At the same time as these major upheavals are impacting farming, the Government are pursuing a trade policy focused on establishing a post-Brexit free trade network at seemingly any expense. The import of lower-cost, lower-standard agricultural products are at the heart of those negotiations. At this very moment we are in an arm wrestle with Australia over its desire for access to British consumers for Aussie red meat, providing an existential competitive challenge to the British pasture farmer.
Although I agree with the report that we need a dietary shift to less and better-quality meat, that shift should not be to meat produced to lower welfare and environmental standards imported at considerable carbon cost. This would not improve the diet of the British public. Indeed, it might make meat even cheaper and thus increase its consumption, moving us yet further from the Eatwell guidelines. Rather than subjecting our high-quality livestock production to an uneven playing field through unbalanced trade capitulations, our Government should be banging the drum for grass-fed British meat and dairy as the highest-quality and most sustainable natural protein available. Will the Minister confirm that British livestock farming will not be sacrificed by the noble Lord, Lord Hannan, on the altar of free trade?
The story of our food and the sustainable natural heritage from which it derives needs to be better told. Professor Dasgupta’s recent report on the economics of biodiversity is adamant that environmental education is key to restoring an understanding of our natural world. The Government have not responded to that recommendation, and I wonder whether the Minister can let us know whether they intend to do so.

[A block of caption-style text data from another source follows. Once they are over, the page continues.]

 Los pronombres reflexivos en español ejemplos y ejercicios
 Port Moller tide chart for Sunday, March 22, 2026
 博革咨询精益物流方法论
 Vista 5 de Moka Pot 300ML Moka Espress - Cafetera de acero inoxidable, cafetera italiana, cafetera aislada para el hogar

I applaud the Government’s efforts to increase public understanding of a healthy diet, and to making health education compulsory for state-funded pupils. If the Government are able to do that for human health, would it not be reasonable to expand the syllabus to include our planetary health, thereby providing all state-funded pupils with the environmental education Professor Dasgupta considered essential? This would enable them to adopt both a healthy and an environmentally sustainable diet.
As the noble Lord, Lord Curry, has noted, public food procurement is the one area in which the Government could have the quickest and most fundamental impact on public health and sustainable food production. I note the Government’s commitment to using public sector procurement to improve the quality of food, as well as supporting local communities, improving nutrition and sustainability.

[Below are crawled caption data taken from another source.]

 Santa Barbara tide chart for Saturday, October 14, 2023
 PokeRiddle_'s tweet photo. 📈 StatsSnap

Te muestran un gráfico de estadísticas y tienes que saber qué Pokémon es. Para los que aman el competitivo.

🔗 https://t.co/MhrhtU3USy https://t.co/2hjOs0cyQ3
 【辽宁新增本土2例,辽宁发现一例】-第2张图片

The South West Food Hub is a community interest company working in partnership with the Crown Commercial Service to deliver a new approach to public sector food procurement, known as the future food framework. The aim is to support small and medium-size producers in the region to sell directly to public sector institutions, ensuring that hospitals, schools, prisons, the armed services et cetera are eating healthy and locally produced food procured at a consistent and affordable price. The scheme both minimises food mileage and maximises the opportunity for those consuming the food to engage with and understand its production. Will the Minister confirm the Government’s support for the work of the South West Food Hub and its ground-breaking pilot with the CCS?

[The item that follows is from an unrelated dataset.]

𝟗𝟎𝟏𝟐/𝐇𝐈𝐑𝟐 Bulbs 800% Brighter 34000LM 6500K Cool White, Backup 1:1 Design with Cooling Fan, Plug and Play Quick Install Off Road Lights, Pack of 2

Finally, there has been much talk of obesity and the Government’s obesity strategy. As a member of the National Plan for Sports and Recreation Select Committee, I just add that we will be addressing another aspect of the obesity crisis—as the noble Lord, Lord Krebs, well knows—with a view to encouraging greater activity and well-being for those who we hope will be enjoying a healthier and more balanced diet. I congratulate the Liaison Committee for its joined-up thinking in that regard.